Inadequately equipped
One of the biggest problems is our failure to equip teachers with the right conceptual tools. The theories we continue to impose on practitioners — Piaget’s cognitive development stages, Vygotsky’s Zone of Proximal Development, Erikson’s psychosocial stages — were developed in contexts of stability, structure, and safety.
These assumptions do not hold for South Africa’s township classrooms where children face daily exposure to violence, food insecurity, loss, and family instability.
Daily reality
Take the case of Thabo, a 4-year-old in Khayelitsha who lost her mother and lives in a shack with her grandmother. She does not speak much, withdraws when adults raise their voices, and cries during nap time if left alone. What does Piaget say about that? What developmental stage explains the effects of grief, fear, and social isolation?
Or Peter, age 5, in Delft. He is aggressive, hyperactive, and quick to anger. He comes from a home where conflict is constant.
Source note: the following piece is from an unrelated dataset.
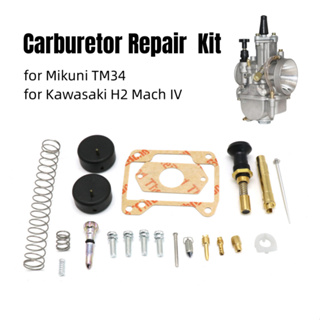 MOTOPARTS SHOP Motorcycle Carburetor Repair Kit Float Gasket Jets Choke Starter for Mikuni TM34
His behaviour is labelled “difficult”, yet it is a textbook trauma response. And Susan, age 6, arrives tired each morning after caring for her baby brother because her mother leaves for work before dawn. She is adultified — bright, but burdened.
The system does not prepare teachers for these children. Instead, it prepares them to implement theory as if childhood is universal and unaffected by socioeconomic conditions. But South African children are not growing up in a textbook — they are growing up in crisis.
Teachers excluded from policy, curriculum development
Prof. Sigamoney Manicka Naicker, author of Education and the Working Class: Is There Hope for an Inclusive System?
The broader problem is that education planning itself is divorced from these realities. Teachers are not included in policy development or curriculum design. They are treated as implementers of someone else’s ideas. Planning is remote, centralised, and, frankly, naive.
In the many decades I spent in the education system, there wasn’t a single occasion when teachers were called to explain their challenges in townships. Complex decisions are made in boardrooms with limited knowledge of what really happens on the ground.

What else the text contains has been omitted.